集英社の『週刊少年ジャンプ』に連載されている漫画「逃げ上手の若君」が2024年7月6日から、アニメとして放送されています。「逃げ上手の若君」の主人公は南北朝時代の武将・北条時行です。同アニメにおいて、鎌倉幕府はあっという間に滅亡してしまいました。時行の父である北条高時(幕府第14代執権)も第1話で自害してしまいます。アニメでは、高時は暗愚を通り越して「大丈夫か?」と思われる描かれ方をしていました。アニメなので、ある程度、過剰な描き方も仕方ないのかもしれませんが、あれでは高時が可哀想になってきます。

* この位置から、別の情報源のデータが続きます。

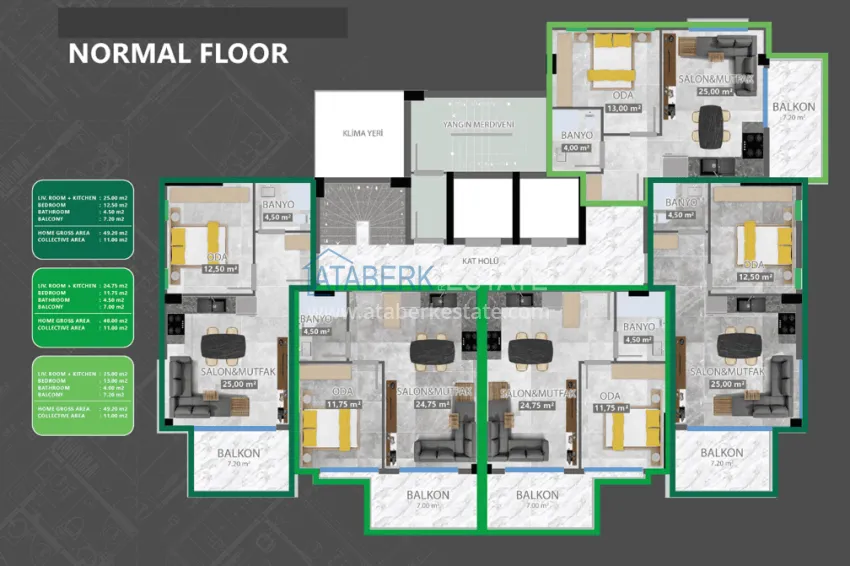 Buy cheap New attractive residential complex in Alanya, Demirtash district  3 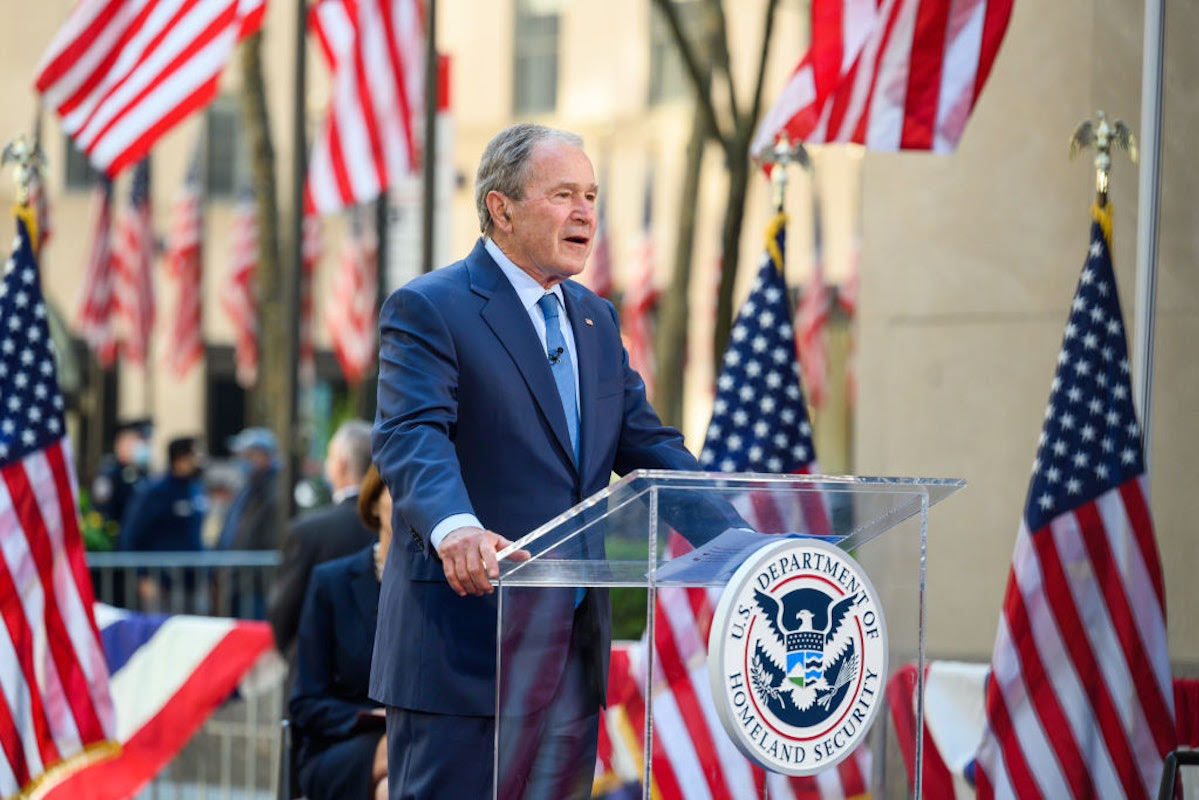WATCH: George W. Bush Speaks At Flight 93 Memorial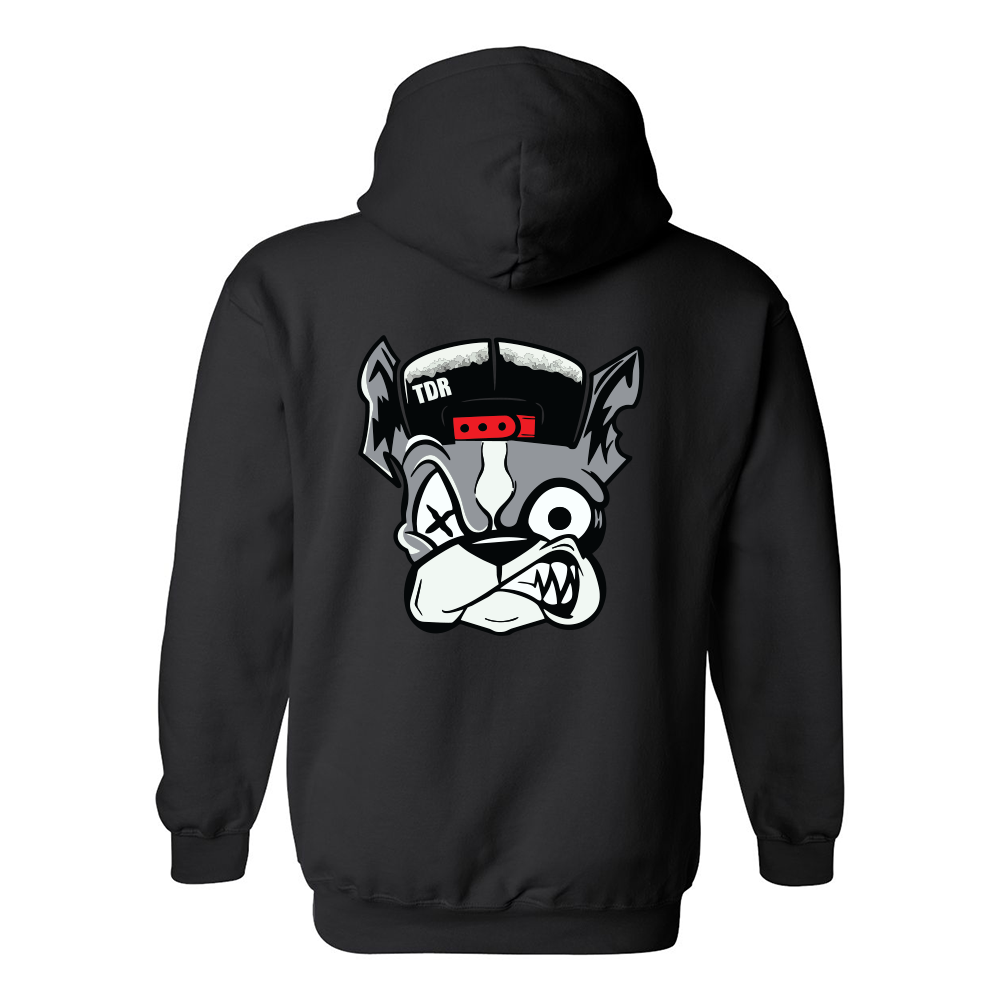 Crazy Dog Hoodie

鎌倉時代末から南北朝時代の動乱を描いた軍記物語『太平記』では確かに高時は「行跡甚だ軽くして人の嘲りを顧みず、政道正しからずして民の弊えを思はず、ただ逸遊を事として」などと歴代北条氏当主に比して暗愚だったと書かれています。しかし、そんな『太平記』であっても、高時をアニメで描かれたような呆けた人物とはしていません。「当今(後醍醐天皇)御謀反の企て、近日、事すでに急なり」との知らせが、都から鎌倉にあった時は「げにも」(やはり)と驚いて、北条一門や引付衆の首席、評定衆らを召集し「この事、いかがあるべき」とそれぞれの所存(考え)を問うています。
また、足利高氏(尊氏)が敵となったと聞いた時も、高時は弟の北条泰家に大軍を添えて、上洛させています。「畿内、西国の乱を静むべし」というのが、高時の命令でした。田楽や闘犬などの遊楽に耽ることはあっても、非常事態が起きた時には、高時は主体的に行動しています。高時を暗愚とする『太平記』でもそのように描いているのです。